COLLECTED MATERIAL
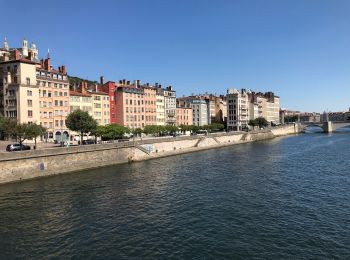 Tocht Stappen Lyon - Lyon Saône-Bellecour  - Photo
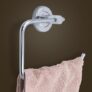 Pathavi Stainless Steel Towel Holder for Bathroom | Wash Basin | Towel Hanger | Napkin Holder for Wash Basin | Towel Ring| Bathroom Accessories (C-Shape, Chrome Finish, Pack of 2)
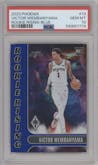 Victor Wembanyama  from the 2023-24 Panini Phoenix set featuring a Blue parallel graded by PSA and given an overall grade of 10.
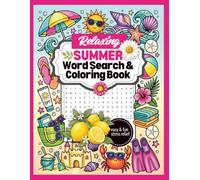 Relaxing Summer Word Search & Coloring Book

ABOUT THIS EXERCISE
Pass over the images and copy the rest of the material above exactly.

ANSWER SECTION
 Tocht Stappen Lyon - Lyon Saône-Bellecour  - Photo
 Pathavi Stainless Steel Towel Holder for Bathroom | Wash Basin | Towel Hanger | Napkin Holder for Wash Basin | Towel Ring| Bathroom Accessories (C-Shape, Chrome Finish, Pack of 2)
 Victor Wembanyama  from the 2023-24 Panini Phoenix set featuring a Blue parallel graded by PSA and given an overall grade of 10.
 Relaxing Summer Word Search & Coloring Book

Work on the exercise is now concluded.